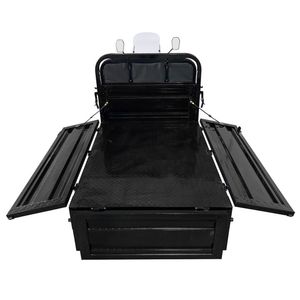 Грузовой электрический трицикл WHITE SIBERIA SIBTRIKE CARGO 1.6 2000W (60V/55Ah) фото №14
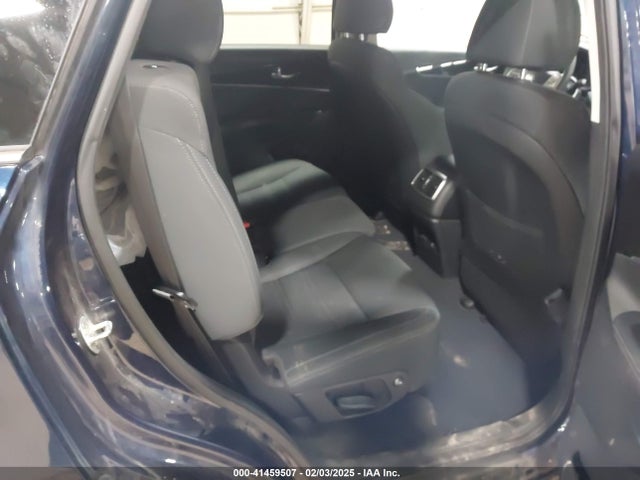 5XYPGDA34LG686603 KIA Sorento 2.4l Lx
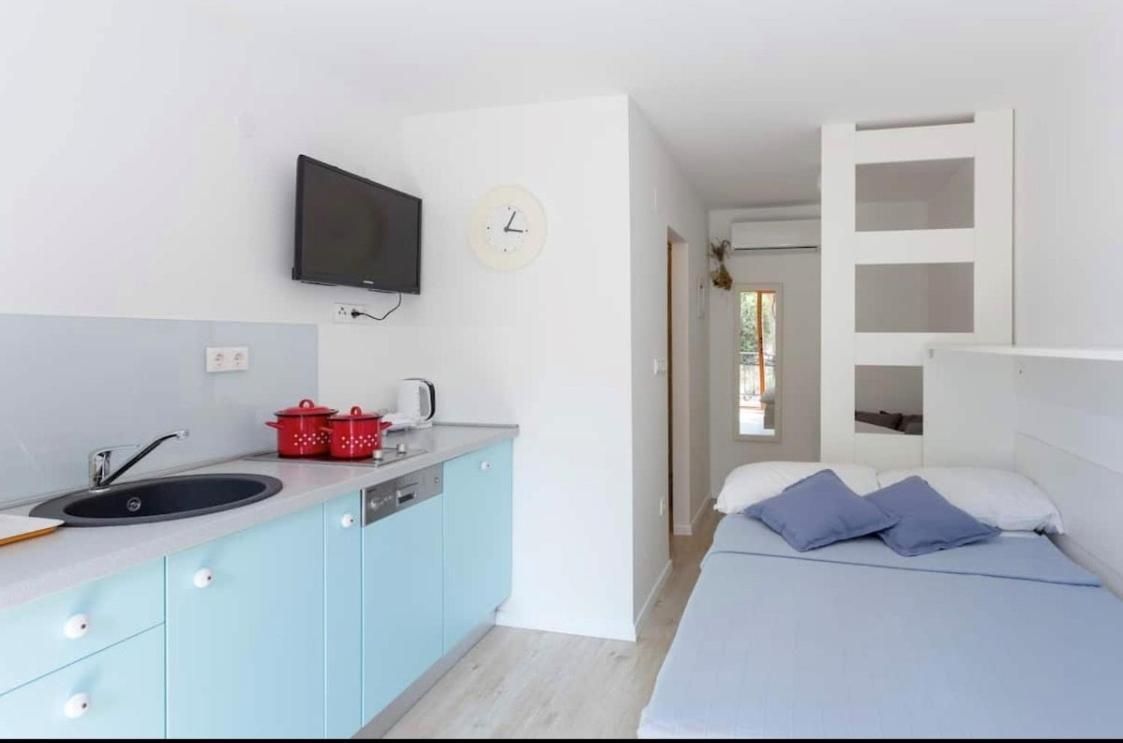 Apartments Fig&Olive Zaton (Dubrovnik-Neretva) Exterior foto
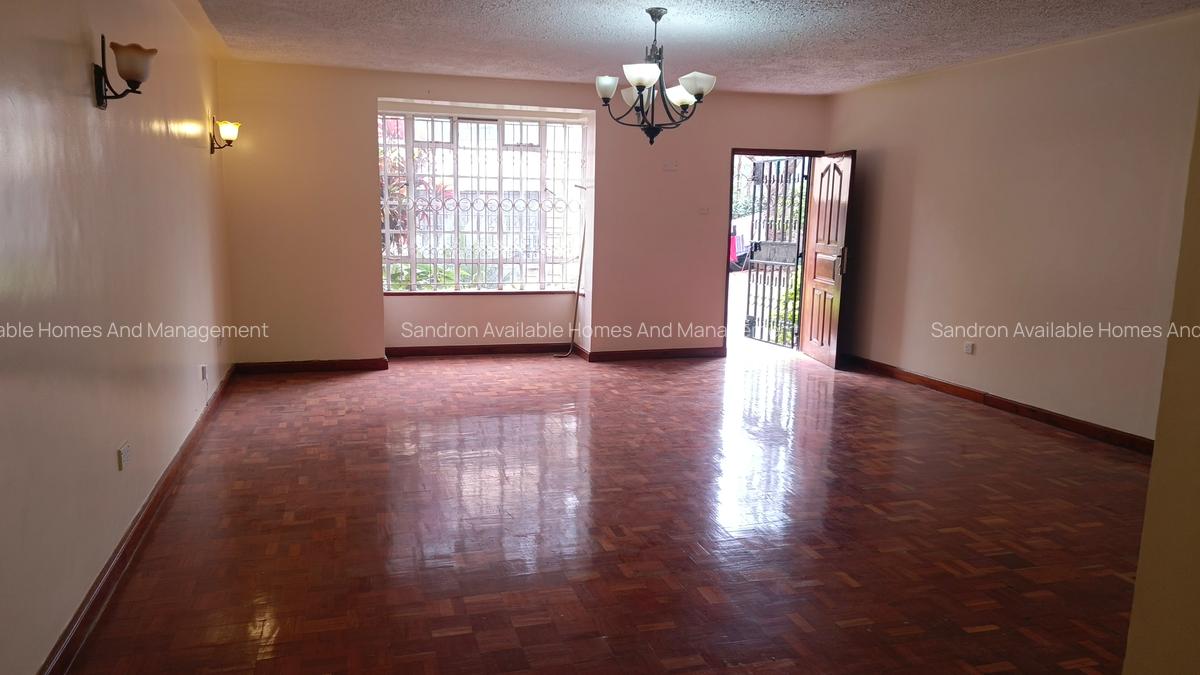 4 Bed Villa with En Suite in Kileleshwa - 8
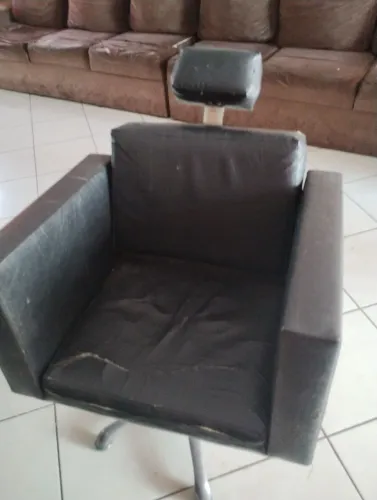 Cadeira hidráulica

Task prompt: An exact, image-free transcript of the material is required.

Solution to this problem:
 Грузовой электрический трицикл WHITE SIBERIA SIBTRIKE CARGO 1.6 2000W (60V/55Ah) фото №14
 5XYPGDA34LG686603 KIA Sorento 2.4l Lx
 Apartments Fig&Olive Zaton (Dubrovnik-Neretva) Exterior foto
 4 Bed Villa with En Suite in Kileleshwa - 8
 Cadeira hidráulica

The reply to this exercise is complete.